We have become that which we feared.
Disgusting and sick! This country is run by a bunch of sociopaths.
Re drone warfare, the genie is out of the bottle, or the demon has crawled out of the basement, however you want to put it. Proliferation of this madness is going to lead to places very dark. Think of the carnage that a scaled down, low-tech version of this technology could create. We’re talking about scaled down cruise missiles on the cheap.
Reiminds me of a movie near a half century ago
http://www.youtube.com/watch?v=008BPUdQ1XA
Heck, one could use them for counterintel as you cross the border into America with a backpack full of the key components for more drones. Then go to Walmart and buy the rest of the stuff for homemade assassination kits.

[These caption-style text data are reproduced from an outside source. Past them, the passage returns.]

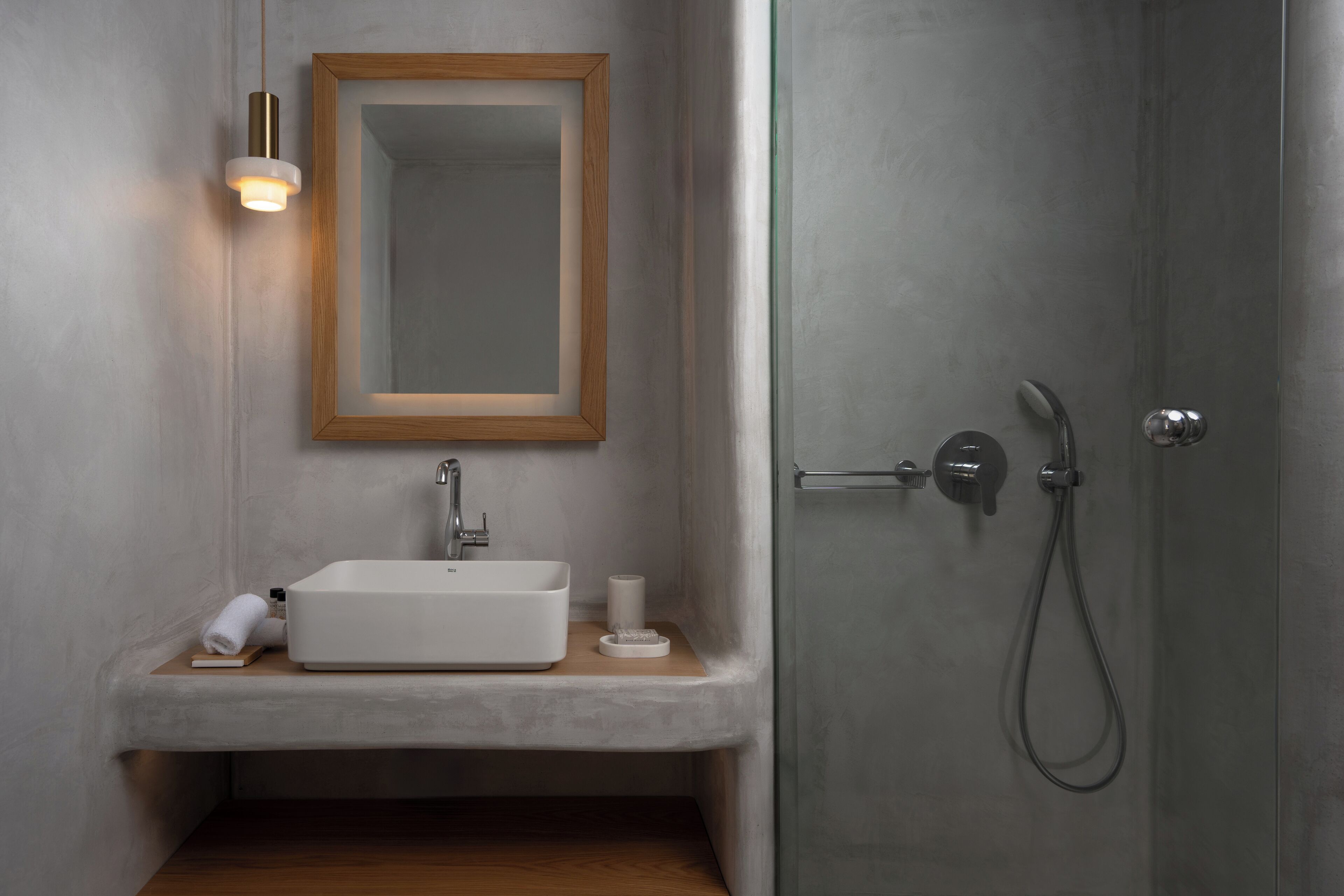 Un baño moderno con un lavabo blanco, un espejo con marco de madera y una ducha con cabezal de ducha manual.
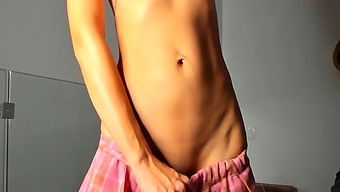 Curly teen with big tits uses a dildo for masturbation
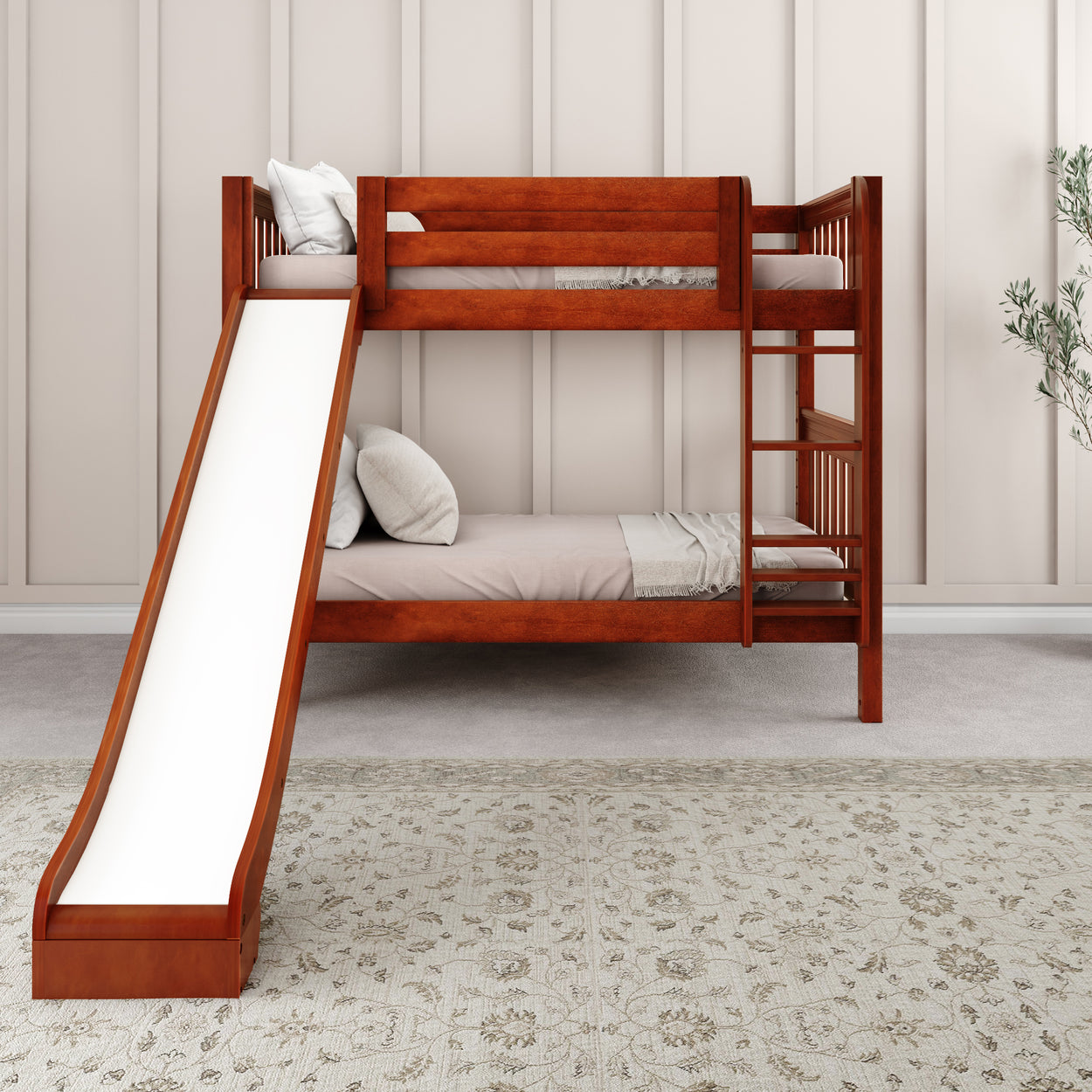 Wooden bunk bed with slide and two beds in a cozy bedroom setting with a patterned rug.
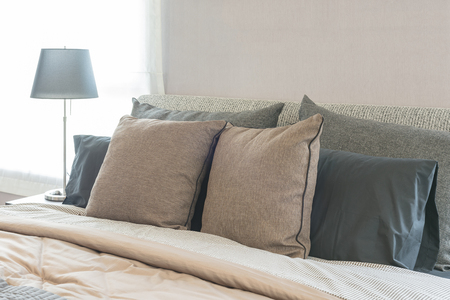 set of pillows on modern bed in bedroom design with lampの写真素材
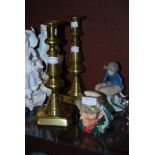 PAIR OF BRASS EJECTOR CANDLESTICKS, TOGETHER WITH A ROYAL DOULTON CHARACTER JUG 'THE POACHER', AND A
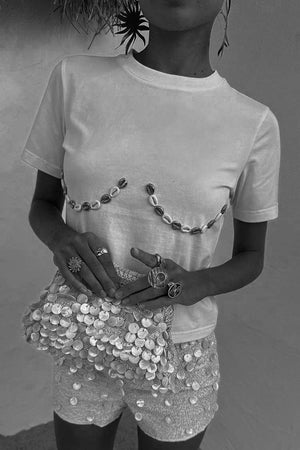 Shells Hot Pants in cream with pearlescent shell beads, styled with a matching shell-embellished t-shirt and bag.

The police used to be concerned about where & when suspects were. I remember OJ had a few minutes for which his whereabouts were unknown. It was considered to be just enough time to do that of which he was accused.
Now, you won’t even need to leave the comfort of your home. You can just pet your drone goodbye and wish him luck as you play with your Atari joystick and navigate him to your target in another timezone. Yay!
Oh wait… I forgot. You may also need to place a GPS tracking device on his/her vehicle… unless your target happens to be on live TV, etc.
Scary, scary, SCARY.
I have no idea how one defends this. guess I am just too stupid.
It wasn’t that long ago Mr Obama could have been lynched for dating a white woman. A nice, extrajudicial killing of a nigger terrorist hell-bent on destroying white womanhood. Never mind walking out over Holder’s contempt charge–the Black Caucus should be screaming about Obama’s Pontius Pilate turn.
BTW, how does Obama or Diane Sawyer know only terrorist are killed in these attacks? Do they have big red Ts on their backs?
That’s certainly one way to interpret what I wrote. However, I do not think Democrats or Obama administration should be able to get away with citing Republicans as an excuse for their inability to advance policies that uphold human rights. The Obama administration is to blame for failing to close Guantanamo. I am just saying the Republican undoubtedly see Obama’s failure as a victory for their side.
It’s alleged. Alleged, you spineless, unprinciple betrayer of the Constitution and the Bill of Rights! Alleged!